The other concept that underlies the story is this idea of directions and progress and choices and alternatives not taken. There is a great quote about the physical space being overtaken by advertisers and essentially ruined… and the question of what it (the Internet, capital I) would have become if that had not occurred. All in a nostalgic yet accepting way. I was very surprised how he handled the actual ‘event’. It was understated, he didn’t follow the common script at the time (and really the historical record of the event). There is a lot of heavy emotion around 9/11 and the author really handled that deftly, a little bit removed in fact. It was a different telling and it surprised me. I had some anxiety b/c I knew the book covered it – but it was subtly comforting in that he didn’t dig it all up again.
The other point is the historical perspective of programs like MKultra in light of Snowden and the NSA. The logical question is, why would you need a ‘Manchurian Candidate’ and a program like MKultra if you could surveil every bit of information from the population? The answer is you wouldn’t.
The time travel narrative is pretty weird… coupled with the idea of sightings of dead people walking around NYC. Maybe in a historical perspective (Pynchon is 76 now) he’s completing the narrative begun in the 60’s continuing through 9/11 and onward to the present intelligence apparatus. He’s touching on the ideas of loss and enduring the ‘atrocity’ (he uses that word) but approaching it from a unique perspective. He focuses on the return to normalcy – which I think is different than the media’s narrative at the time.
I’ve always resisted reading fiction about the tech world. I think primarily because I’ve been living it for 15 years. I never read Microserfs, I don’t want to watch movies about Google, never watched AK play Jobs – I’m kind ‘anti’ the fictionalization of the industry. Maybe that’s odd, but it is so (I did read SJs bio though). I guess I’m not cool with the hagiographic representations of tycoons and robber barons. That sounds bitter. Not my thing.

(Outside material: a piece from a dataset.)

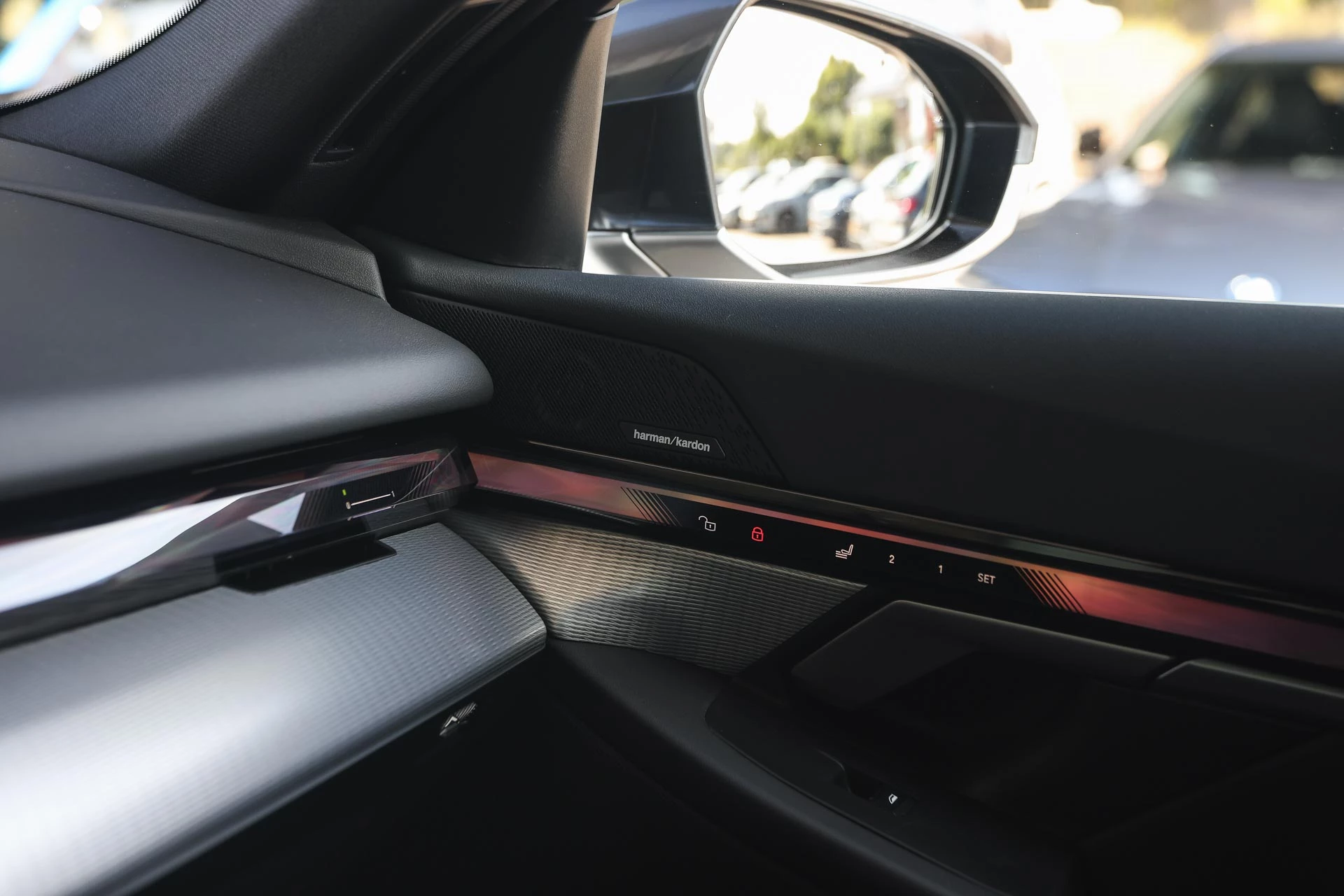 Hoofdafbeelding BMW i5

I think Pynchon portrays “late capitalism” and the character of Gabriel Ice as they should be portrayed. The kind of person who after shaking their hand, compels you to go and wash yours.
(such a great biological synthesis + indication of compatibility by the way… I always note the urge if it’s there when meeting someone new… but that’s just me)
There are so many compelling ideas to explore … these are just a few.
**I’ve never seen those shows btw… I should write a post about my theory of creators and consumers some time. It would be epic.